From the Charleston Daily Mail, January 23, 2004, Friday
Copyright 2004 Charleston Newspapers

After hearing the third different insurance reform proposal to emerge in the Legislature this week – this time from a group of trial lawyers and Senate Democrats, many who also are trial lawyers – Senate Minority Leader Vic Sprouse was impressed.

“I’m impressed by all the snazzy Italian suits they’re all wearing,” said the Kanawha County Republican, who’ll work to get some of his own proposals for tort reform through the Legislature this session.

The group of attorneys, along with members of the state’s Citizen Action Group, stood on the steps outside the Senate chambers Wednesday to argue against any sort of tort reforms they say would limit consumers’ rights to sue and plaintiffs’ potential to win money when they’ve been mistreated.

The proposal they instead offered to lawmakers, one that’s backed by major players in the Senate like Majority Leader Truman Chafin and Judiciary Chairman Jeffrey Kessler, focuses on re-development of the state’s consumer advocacy division.

The division, which operates under the Insurance Commission, needs more oversight from the governor and the Legislature, the state Trial Lawyers Association says. Advocates’ budgets can’t be funded through fees from insurance companies, Chafin said, or consumers’ concerns about unfair rates never will be heard.

The only insurance reform bill that’s making much headway at all right now – one that creates an insurance fraud unit to investigate false claims – is expected to pass through the House of Delegates today.

But with the Senate seemingly split along party lines about the need for tort reform, the bill could face another long road and quite a few overhauls if it passes the House, Senate leaders say.
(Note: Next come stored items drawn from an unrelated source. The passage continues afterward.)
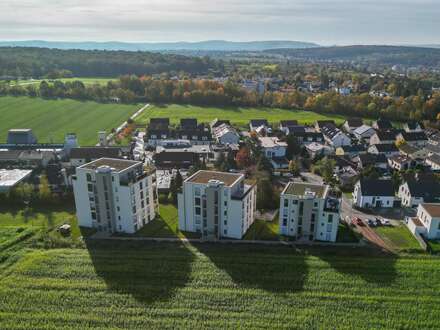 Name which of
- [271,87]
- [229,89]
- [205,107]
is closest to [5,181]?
[205,107]

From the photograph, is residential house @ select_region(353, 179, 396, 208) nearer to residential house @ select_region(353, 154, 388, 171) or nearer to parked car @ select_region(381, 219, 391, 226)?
parked car @ select_region(381, 219, 391, 226)

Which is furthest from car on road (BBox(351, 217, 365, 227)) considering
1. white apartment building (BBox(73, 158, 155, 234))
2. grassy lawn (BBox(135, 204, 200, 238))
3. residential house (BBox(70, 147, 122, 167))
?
residential house (BBox(70, 147, 122, 167))

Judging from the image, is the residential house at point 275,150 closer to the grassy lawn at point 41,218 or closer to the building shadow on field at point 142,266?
the building shadow on field at point 142,266

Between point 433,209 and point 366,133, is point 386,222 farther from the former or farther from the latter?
point 366,133

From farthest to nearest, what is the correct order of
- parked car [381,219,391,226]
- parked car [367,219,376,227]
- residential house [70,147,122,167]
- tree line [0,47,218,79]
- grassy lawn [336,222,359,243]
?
1. tree line [0,47,218,79]
2. residential house [70,147,122,167]
3. parked car [381,219,391,226]
4. parked car [367,219,376,227]
5. grassy lawn [336,222,359,243]

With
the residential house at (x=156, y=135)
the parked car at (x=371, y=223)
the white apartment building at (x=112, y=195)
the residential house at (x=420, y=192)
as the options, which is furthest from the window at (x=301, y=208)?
the residential house at (x=156, y=135) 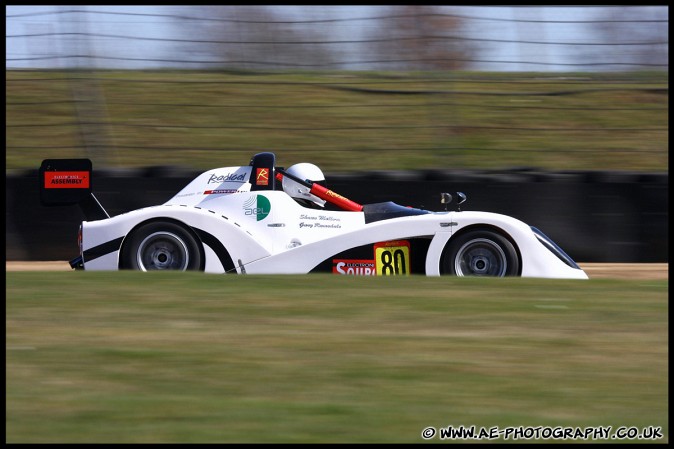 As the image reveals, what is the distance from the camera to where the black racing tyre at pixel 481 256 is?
7.89 meters

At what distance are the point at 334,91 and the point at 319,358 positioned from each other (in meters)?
7.47

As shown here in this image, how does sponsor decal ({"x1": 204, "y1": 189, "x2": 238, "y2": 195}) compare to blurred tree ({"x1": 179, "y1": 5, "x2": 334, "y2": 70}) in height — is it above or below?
below

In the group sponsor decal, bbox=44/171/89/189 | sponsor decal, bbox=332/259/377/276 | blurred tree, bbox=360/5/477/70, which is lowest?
sponsor decal, bbox=332/259/377/276

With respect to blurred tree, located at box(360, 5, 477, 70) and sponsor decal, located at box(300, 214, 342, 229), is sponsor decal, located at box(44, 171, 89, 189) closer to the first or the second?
sponsor decal, located at box(300, 214, 342, 229)

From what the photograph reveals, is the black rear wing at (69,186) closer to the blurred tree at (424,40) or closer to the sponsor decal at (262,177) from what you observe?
the sponsor decal at (262,177)

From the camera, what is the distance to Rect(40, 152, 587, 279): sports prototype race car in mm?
7910

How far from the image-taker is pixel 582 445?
12.2ft

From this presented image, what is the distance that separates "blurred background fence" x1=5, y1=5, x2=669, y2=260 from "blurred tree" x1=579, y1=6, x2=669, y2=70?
1 cm

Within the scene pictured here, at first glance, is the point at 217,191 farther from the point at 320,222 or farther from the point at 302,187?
the point at 320,222

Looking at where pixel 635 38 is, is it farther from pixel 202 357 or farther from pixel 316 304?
pixel 202 357

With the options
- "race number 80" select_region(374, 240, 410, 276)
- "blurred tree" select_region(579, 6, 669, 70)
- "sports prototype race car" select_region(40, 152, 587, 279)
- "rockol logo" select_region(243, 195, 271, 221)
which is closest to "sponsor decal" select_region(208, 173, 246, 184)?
"sports prototype race car" select_region(40, 152, 587, 279)

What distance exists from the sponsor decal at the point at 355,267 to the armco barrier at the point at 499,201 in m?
1.91

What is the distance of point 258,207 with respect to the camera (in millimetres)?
8219

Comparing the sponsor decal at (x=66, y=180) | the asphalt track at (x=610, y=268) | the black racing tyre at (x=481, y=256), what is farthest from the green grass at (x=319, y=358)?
the asphalt track at (x=610, y=268) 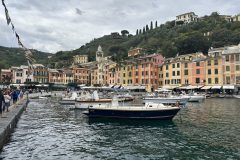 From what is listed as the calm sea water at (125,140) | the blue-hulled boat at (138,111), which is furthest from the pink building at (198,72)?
the calm sea water at (125,140)

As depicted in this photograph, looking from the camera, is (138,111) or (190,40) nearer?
(138,111)

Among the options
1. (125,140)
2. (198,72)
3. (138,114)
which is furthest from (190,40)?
(125,140)

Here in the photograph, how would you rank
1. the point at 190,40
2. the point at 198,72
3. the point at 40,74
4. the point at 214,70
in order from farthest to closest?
the point at 40,74
the point at 190,40
the point at 198,72
the point at 214,70

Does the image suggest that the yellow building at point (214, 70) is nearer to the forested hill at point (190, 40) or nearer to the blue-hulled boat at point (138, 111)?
the forested hill at point (190, 40)

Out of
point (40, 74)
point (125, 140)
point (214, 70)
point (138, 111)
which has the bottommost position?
point (125, 140)

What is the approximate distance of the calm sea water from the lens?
19.7 meters

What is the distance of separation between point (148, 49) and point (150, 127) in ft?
416

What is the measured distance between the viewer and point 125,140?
24.4 meters

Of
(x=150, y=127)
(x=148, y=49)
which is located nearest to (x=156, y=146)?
(x=150, y=127)

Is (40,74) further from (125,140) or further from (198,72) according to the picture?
(125,140)

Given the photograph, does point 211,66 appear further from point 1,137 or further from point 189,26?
point 189,26

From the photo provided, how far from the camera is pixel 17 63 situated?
176125 millimetres

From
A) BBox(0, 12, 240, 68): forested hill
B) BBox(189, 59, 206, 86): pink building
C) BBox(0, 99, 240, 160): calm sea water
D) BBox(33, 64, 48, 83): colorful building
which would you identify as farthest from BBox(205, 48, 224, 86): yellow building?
BBox(33, 64, 48, 83): colorful building

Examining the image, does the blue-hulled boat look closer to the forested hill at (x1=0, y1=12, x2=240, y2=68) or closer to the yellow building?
the yellow building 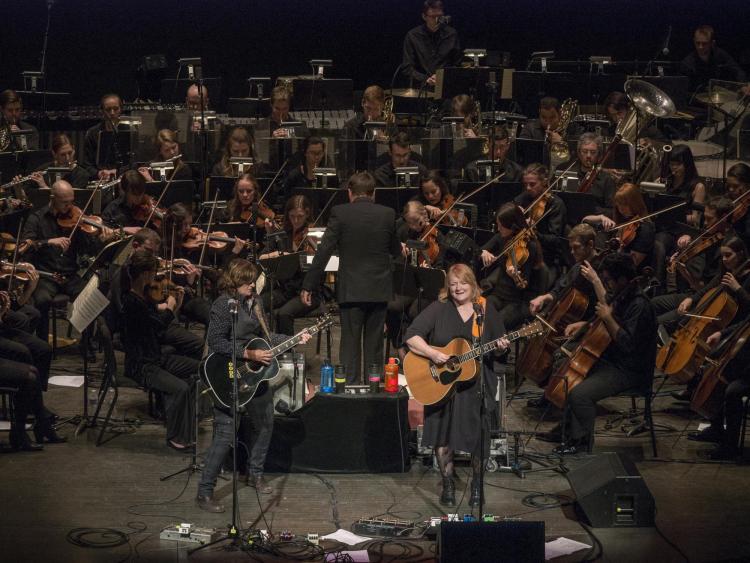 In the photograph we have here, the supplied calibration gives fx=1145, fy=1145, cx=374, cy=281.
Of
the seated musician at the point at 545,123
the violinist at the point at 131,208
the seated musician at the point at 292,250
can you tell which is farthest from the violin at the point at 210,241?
the seated musician at the point at 545,123

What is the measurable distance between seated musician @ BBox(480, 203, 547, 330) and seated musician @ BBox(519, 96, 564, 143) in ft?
9.36

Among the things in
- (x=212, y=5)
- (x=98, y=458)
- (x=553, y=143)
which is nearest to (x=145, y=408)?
(x=98, y=458)

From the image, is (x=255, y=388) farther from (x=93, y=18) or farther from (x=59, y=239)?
(x=93, y=18)

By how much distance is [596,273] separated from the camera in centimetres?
847

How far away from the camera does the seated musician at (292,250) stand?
9812 millimetres

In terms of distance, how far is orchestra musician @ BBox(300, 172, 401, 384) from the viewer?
8602 mm

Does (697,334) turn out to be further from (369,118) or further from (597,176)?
(369,118)

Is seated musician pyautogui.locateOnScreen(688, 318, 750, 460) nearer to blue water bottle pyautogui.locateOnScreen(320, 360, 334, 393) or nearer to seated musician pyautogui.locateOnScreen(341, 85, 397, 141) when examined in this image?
blue water bottle pyautogui.locateOnScreen(320, 360, 334, 393)

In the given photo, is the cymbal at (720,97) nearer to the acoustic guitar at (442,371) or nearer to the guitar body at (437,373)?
the acoustic guitar at (442,371)

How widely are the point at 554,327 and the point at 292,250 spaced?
8.70ft

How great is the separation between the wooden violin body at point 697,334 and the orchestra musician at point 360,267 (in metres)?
Result: 2.19

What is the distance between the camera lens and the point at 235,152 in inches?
457

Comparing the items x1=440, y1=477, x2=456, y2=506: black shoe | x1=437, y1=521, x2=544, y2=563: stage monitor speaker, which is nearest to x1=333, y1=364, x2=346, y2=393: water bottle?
x1=440, y1=477, x2=456, y2=506: black shoe

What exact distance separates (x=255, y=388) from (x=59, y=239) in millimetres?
3678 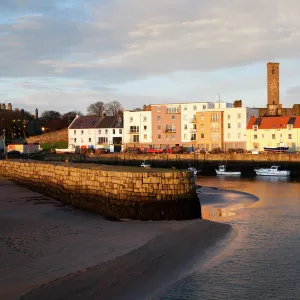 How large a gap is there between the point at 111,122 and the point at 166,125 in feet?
47.1

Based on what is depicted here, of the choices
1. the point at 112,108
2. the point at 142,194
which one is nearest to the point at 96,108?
the point at 112,108

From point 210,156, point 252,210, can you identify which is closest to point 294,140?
point 210,156

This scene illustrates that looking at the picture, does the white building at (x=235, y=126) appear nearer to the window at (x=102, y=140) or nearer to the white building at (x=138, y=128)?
the white building at (x=138, y=128)

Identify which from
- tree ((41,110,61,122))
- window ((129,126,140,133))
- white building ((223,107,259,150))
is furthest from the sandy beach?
tree ((41,110,61,122))

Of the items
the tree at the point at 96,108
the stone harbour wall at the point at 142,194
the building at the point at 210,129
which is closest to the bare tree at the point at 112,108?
the tree at the point at 96,108

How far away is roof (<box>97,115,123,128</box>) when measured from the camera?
10092 centimetres

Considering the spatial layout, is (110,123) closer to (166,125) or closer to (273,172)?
(166,125)

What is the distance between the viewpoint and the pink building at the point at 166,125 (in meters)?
93.8

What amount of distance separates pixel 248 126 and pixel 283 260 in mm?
73302

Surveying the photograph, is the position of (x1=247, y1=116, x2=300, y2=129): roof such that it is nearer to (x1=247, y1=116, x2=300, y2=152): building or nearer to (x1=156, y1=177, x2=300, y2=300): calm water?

Chafin argued against imposing any sort of tort reforms like Senate Republicans are pushing. They advocate capping punitive damage awards, fielding some of those awards to state victims’ rights groups and volunteer fire departments, making judges’ elections non-partisan and limiting the potential for third-party bad faith litigation.

“If you pass Republican tort reform, they tell you straight up they aren’t for certain going to reduce insurance rates,” Chafin said. “If we’re going to go with reforms, we should ask insurance companies for mandatory rollbacks and rate decreases. When (insurance companies) come before the Insurance Commissioner asking for a rate increase, let’s make them tell the whole story behind those increases.”

Chafin, the Trial Lawyers’ Association and other tort reform challengers blame premium hikes on insurance companies’ losses in the stock market and other factors in the economy, not on frivolous lawsuits reform supporters say drive up costs.

Sen. Larry Rowe, D-Kanawha, also an attorney, notes that rates won’t change unless state-provided advocates investigate all the factors that drive up premiums.

He cited the high number of automobile insurance claims he says are directly related to run-ins with deer on the state’s roads, and said the average family pays $ 44 on their premiums to offset those costs.

Sprouse sees potential for compromise between Senate and House reform proposals, but said the trial lawyers’ plan benefits them and not many consumers.

“These guys are making a lot of money and they don’t want to lose that,” Sprouse said. “I think most people probably think the amount of money they’re getting from frivolous suits is wrong, and if these are all the tort reforms we see this year, then at least the trial lawyers will be happy.”